Worse was to come: in 1903 Fauré realised that he was losing his hearing. He suffered from a peculiar malady which distorted certain pitches: deep notes seemed a third too low and treble ones a third too high. ‘I’m knocked sideways by this disease which has attacked the very part of me I needed to keep intact,’ he wrote to his wife. ‘It’s disrespectful, or at least ill-judged, to compare myself with Beethoven… There are passages of music and isolated timbres which I simply can’t hear at all!’ For the last two years of his life, Fauré was stone deaf. When a huge benefit concert was given in his honour at the Sorbonne in June 1922, Fauré sat beside the president of the Republic to receive an ecstatic standing ovation for music of which he couldn’t hear a note.

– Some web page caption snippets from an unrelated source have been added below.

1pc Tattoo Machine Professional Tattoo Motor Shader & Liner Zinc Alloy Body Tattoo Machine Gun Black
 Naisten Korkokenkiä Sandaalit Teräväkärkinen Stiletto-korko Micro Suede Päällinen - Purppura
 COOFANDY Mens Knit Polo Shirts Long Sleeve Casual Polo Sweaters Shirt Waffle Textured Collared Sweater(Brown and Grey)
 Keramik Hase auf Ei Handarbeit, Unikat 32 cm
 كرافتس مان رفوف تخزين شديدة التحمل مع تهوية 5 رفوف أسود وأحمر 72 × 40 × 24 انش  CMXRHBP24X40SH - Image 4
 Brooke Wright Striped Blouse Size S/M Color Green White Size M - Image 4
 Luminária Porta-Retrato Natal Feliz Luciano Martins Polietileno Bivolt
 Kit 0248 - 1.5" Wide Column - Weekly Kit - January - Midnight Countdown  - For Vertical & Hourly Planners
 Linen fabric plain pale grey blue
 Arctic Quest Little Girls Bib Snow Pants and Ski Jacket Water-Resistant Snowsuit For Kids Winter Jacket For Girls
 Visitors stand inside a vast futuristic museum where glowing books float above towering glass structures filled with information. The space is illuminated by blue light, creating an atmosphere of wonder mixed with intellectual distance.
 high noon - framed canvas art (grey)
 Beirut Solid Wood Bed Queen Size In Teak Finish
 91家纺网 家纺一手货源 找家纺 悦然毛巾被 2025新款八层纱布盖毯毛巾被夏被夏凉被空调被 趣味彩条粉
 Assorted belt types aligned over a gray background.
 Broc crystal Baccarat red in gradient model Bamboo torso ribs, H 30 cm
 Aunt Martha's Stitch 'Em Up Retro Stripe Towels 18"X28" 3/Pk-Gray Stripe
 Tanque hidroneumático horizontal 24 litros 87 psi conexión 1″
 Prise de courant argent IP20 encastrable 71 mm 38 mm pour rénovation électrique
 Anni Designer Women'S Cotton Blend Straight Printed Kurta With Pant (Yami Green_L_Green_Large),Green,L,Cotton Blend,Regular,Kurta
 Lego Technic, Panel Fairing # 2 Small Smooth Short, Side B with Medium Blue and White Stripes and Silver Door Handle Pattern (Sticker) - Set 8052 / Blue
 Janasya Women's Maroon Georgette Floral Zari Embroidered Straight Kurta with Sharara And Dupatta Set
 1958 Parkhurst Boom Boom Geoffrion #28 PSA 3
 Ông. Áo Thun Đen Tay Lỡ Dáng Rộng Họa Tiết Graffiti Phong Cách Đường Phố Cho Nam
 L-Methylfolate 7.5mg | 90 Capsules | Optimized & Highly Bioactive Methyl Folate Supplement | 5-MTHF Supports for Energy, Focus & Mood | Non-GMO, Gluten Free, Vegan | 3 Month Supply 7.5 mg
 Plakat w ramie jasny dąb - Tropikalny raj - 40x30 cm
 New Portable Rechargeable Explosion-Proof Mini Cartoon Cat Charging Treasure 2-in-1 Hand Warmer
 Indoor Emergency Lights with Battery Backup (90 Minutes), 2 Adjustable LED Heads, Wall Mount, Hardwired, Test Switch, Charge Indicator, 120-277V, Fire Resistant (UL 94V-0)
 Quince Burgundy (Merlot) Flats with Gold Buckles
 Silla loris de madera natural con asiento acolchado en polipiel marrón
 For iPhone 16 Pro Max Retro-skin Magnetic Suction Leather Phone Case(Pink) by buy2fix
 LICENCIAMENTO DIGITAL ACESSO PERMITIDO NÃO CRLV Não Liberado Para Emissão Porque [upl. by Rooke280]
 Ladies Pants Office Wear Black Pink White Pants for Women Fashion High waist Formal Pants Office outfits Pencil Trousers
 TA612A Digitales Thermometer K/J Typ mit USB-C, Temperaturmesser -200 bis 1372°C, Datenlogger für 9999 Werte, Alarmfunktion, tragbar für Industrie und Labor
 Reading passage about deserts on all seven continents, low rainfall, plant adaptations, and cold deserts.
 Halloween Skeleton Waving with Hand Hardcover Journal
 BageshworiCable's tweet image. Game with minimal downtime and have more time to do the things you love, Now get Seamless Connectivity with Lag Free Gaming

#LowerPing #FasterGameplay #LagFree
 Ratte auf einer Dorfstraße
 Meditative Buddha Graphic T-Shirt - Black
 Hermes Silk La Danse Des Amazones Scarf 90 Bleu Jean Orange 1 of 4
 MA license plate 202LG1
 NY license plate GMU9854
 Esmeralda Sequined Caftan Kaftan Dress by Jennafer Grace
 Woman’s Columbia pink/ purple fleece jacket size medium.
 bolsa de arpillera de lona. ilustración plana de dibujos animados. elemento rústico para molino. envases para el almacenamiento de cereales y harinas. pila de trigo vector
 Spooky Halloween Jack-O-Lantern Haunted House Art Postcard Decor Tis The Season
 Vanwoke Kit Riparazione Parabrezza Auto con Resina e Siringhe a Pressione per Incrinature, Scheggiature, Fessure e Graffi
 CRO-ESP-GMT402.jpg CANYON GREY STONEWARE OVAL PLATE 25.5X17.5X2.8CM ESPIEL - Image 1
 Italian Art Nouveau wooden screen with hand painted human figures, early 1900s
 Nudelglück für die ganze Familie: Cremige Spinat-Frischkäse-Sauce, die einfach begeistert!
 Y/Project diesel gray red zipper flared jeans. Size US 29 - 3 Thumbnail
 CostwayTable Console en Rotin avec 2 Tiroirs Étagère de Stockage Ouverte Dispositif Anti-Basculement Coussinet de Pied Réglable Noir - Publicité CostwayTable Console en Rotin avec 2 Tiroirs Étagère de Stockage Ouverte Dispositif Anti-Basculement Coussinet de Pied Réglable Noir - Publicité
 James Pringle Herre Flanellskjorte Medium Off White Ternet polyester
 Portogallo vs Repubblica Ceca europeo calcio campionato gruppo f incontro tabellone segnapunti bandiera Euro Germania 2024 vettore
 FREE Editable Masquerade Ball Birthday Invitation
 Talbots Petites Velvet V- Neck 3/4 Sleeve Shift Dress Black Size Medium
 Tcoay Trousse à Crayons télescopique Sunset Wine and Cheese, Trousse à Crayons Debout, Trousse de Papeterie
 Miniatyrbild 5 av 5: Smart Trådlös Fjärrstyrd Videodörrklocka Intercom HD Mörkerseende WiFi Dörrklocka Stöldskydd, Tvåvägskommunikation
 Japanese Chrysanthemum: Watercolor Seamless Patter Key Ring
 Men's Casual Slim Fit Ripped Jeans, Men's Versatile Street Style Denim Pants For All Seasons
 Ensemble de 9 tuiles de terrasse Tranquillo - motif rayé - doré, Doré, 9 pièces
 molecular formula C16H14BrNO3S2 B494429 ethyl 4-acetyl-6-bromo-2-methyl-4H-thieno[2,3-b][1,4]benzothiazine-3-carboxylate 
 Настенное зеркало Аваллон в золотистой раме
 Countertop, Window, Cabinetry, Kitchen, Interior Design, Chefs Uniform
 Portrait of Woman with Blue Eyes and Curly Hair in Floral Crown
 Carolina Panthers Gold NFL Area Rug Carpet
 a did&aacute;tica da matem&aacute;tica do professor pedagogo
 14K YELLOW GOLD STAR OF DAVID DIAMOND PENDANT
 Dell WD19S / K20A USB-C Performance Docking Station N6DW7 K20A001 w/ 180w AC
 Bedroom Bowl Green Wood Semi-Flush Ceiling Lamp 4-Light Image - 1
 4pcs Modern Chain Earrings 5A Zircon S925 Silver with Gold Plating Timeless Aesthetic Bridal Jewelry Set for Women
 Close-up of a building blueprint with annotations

Yet the inevitable comparison with Beethoven was not entirely inappropriate. From the early 20th century, rather than being swayed by his contemporaries, Fauré delved deeper into his own mind to draw out works that unfurled organically in spirit and structure, employing a harmonic sleight of hand derived from the combination he had always loved – tonality with modal influences. In the greatest of his middle-period works of the 1890s, including the Sixth and Seventh Nocturnes and the Verlaine song cycle La bonne chanson, he had used these harmonic features as a gateway into ecstatic imaginary worlds filled with heady atmospheres. In his later works, however, he stripped his ideas to the bone and refined his textures. His extraordinary Indian summer of late master-pieces included the Piano Trio, the Second Piano Quintet, the Second Cello Sonata and his last song cycle, L’horizon chimérique. His Nocturne No. 13, completed just weeks after the death of Saint-Saëns in 1921, is one of his most devastating statements.
Fauré embarked on this burst of creativity after his retirement from the Paris Conservatoire in 1920, devoting himself to composition. His late works, however, have been haunted by their image as ‘difficult’ music. Many interpretations of pieces such as the Violin Sonata No. 2, the late Nocturnes and the String Quartet have accentuated their smoothness, introversion and contrapuntal complexity at the expense of their passion. The passion may only be found beneath the surface, but it’s there: and if the String Quartet and Piano Trio are performed with the vigour and contrasts of the Piano Quartet No. 1, a more complete vision of Fauré emerges, one of a composer who has blossomed into a new world.
Seemingly the most sensitive and decorous of composers, Fauré possessed an independence of spirit and a determination to effect change that marked him out as a radical in disguise. He composed one of the great Requiems, but one that caused controversy for marginalising the ‘Dies irae’ and accentuating the compassionate outlook that led to its description as ‘a lullaby of death’. Overall, the dreamy character of his music is prone to deceive, belying the smooth-operating, incisive intelligence working beneath.